I thought, well, fixing the health systems across Africa is probably more than UNAIDS can handle right now. And promoting more testing, when the drugs weren’t available, simply wouldn’t work: there was no incentive. So my conclusion was that we needed to get the price of the drugs down before we worked on the rest.

I became fairly obsessed by it. Basically every day I asked myself, how can we bring the price of antiretroviral treatment down? I had no experience in this, but there were already some examples of vaccines that had been made available to some countries via UNICEF at far lower prices than in the West. Moreover, I knew that if I bought almost any medication in a French pharmacy it would cost less than in Switzerland, even if the manufacturer was Swiss, because the French negotiated the price down. And when you take an airplane the person beside you may have paid one-third of the price of your ticket. So differential pricing wasn’t that unusual; we just hadn’t approached the problem in this way before.

There was one successful example: Merck had a lucrative drug, Ivermectin, originally developed for treating parasites in animals. But when Ivermectin was later shown to cure river blindness in humans, Merck provided it free for distribution in West Africa, where huge areas of fertile land infested with the infective agent, black fly, were available for farming. Could that be a model? I talked with some of the people who had been involved, like Dr. Ebrahim Samba of the WHO, but no. Why would a company freely distribute a recently developed, very expensive medication for lifelong treatment when it needed return on its investment? Merck’s Ivermectin had no human use in the developed world, but that wasn’t the case for antiretroviral medications. In addition, in the case of AIDS, we were talking about ultimately over 30 million people in low- and middle-income countries who would require treatment for life, not a short course as is the case for river blindness. The challenge in AIDS was simply far too big for such an approach; we needed affordable drugs, and given the level of poverty, the funding capacity of developing countries, and the scale of the problem, that meant very drastic price reductions: even a 50 percent price reduction on $10,000 was still out of reach for most countries in the world.

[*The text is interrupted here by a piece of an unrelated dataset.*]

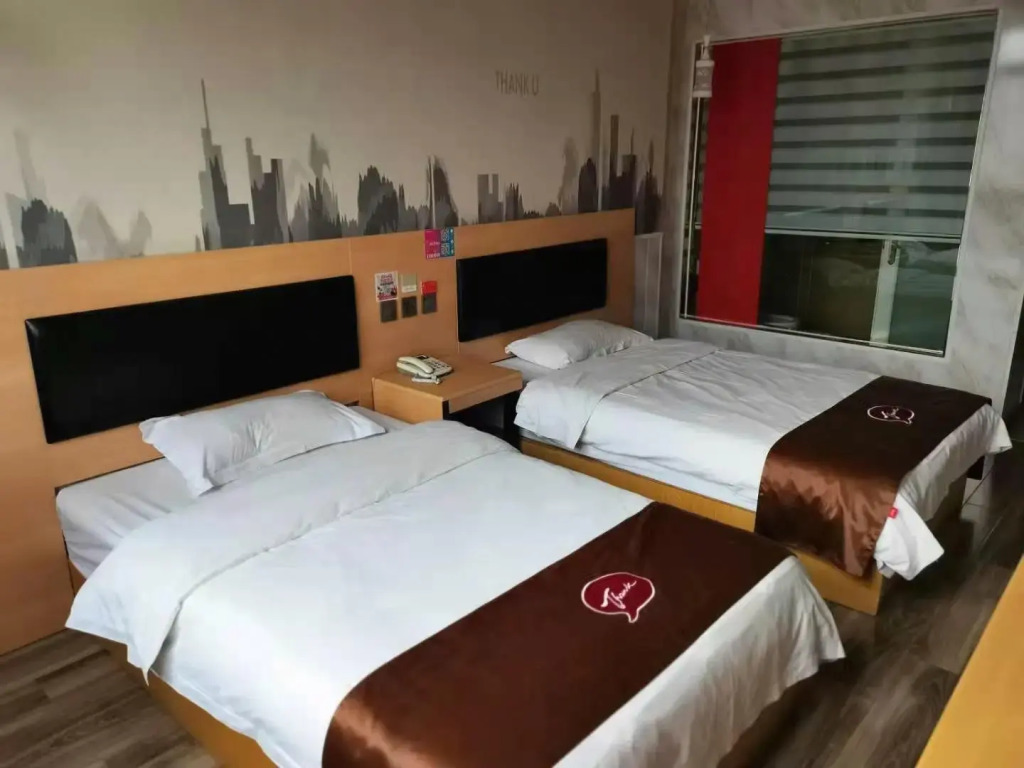 Thank Inn Hotel Anhui Lu'an Huoshan County Long Distance Bus Station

Back in 1991 Dr. Nakajima, the head of the World Health Organization, had convened meetings in Geneva with 18 pharmaceutical industry executives to discuss access to medicines to treat HIV and opportunistic infections. They led nowhere, as industry basically refused to discuss prices, saying they needed the income to fund R&D, and that in any case health services in Africa were not equipped for complex treatments. At a meeting in 1992 the pharmaceutical industry even objected to the use of the word “affordable” in text. There was hostility on both sides, with WHO also not able to come up with any funding, and the talks ended in 1993.

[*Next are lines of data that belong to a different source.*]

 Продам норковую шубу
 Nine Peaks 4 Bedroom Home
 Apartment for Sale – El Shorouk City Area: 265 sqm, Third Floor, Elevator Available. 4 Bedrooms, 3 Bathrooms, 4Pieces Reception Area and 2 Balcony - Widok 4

This was also the time when the Clinton administration was promoting
greater
patent protection worldwide, with Vice President Al Gore advocating the pharmaceutical industry’s lawsuit against Nelson Mandela over generic drugs; the World Trade Organization was launched in 1995, and its new agreement on Trade Related Intellectual Property Rights prohibited developing countries from producing or purchasing generics.

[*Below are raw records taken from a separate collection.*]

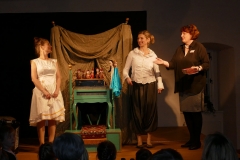 Burg-zu-Hagen_Figurentheater-Schneewittchen_08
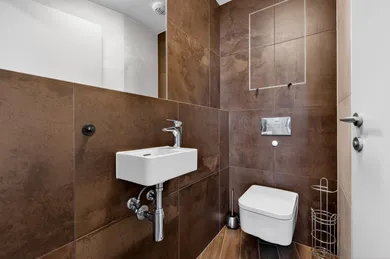 Na prenájom komerčné, 91 m², Bratislava-Ružinov, Pribinova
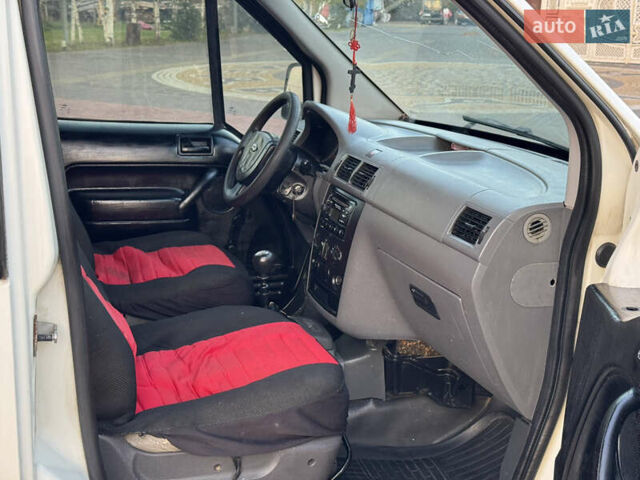 Белый Форд Турнео Коннект, объемом двигателя 0 л и пробегом 240 тыс. км за 2500 $, фото 16 на Automoto.ua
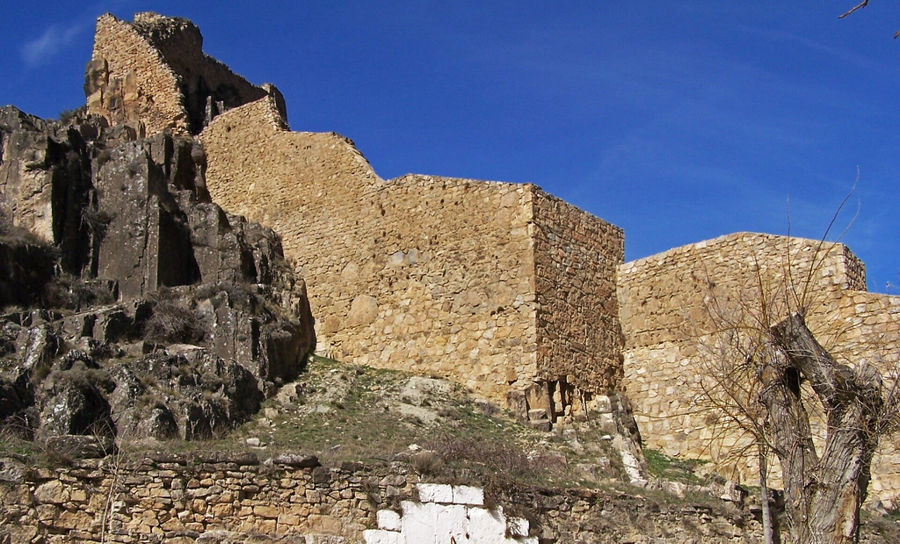 Vista parte de la muralla del Castillo de Cañete en Cuenca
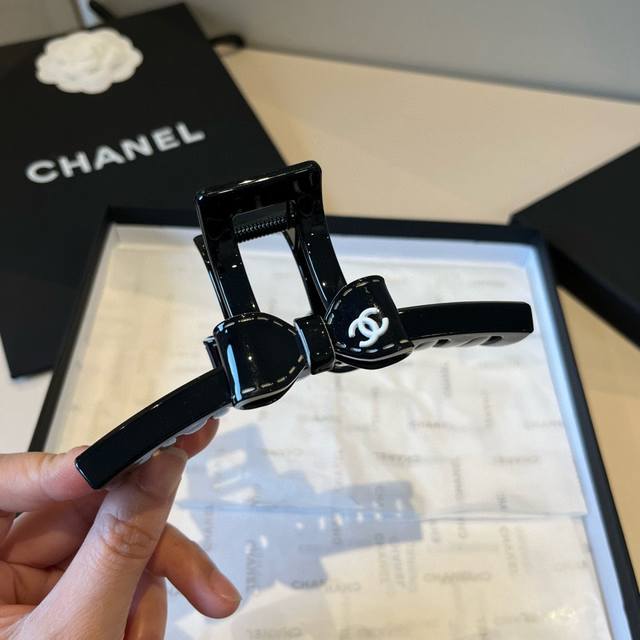 chanel Chanel Hairpin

I decided to follow several paths to bring HIV treatment where it was needed most. The first one was to demonstrate that it is feasible to provide antiretroviral therapy to people in poor countries, to silence the skeptics with facts. The second was to negotiate lower prices. And the third, simultaneous with the others, was activism to put public pressure on industry, funders, and health ministers, because morally, I knew our case was very powerful.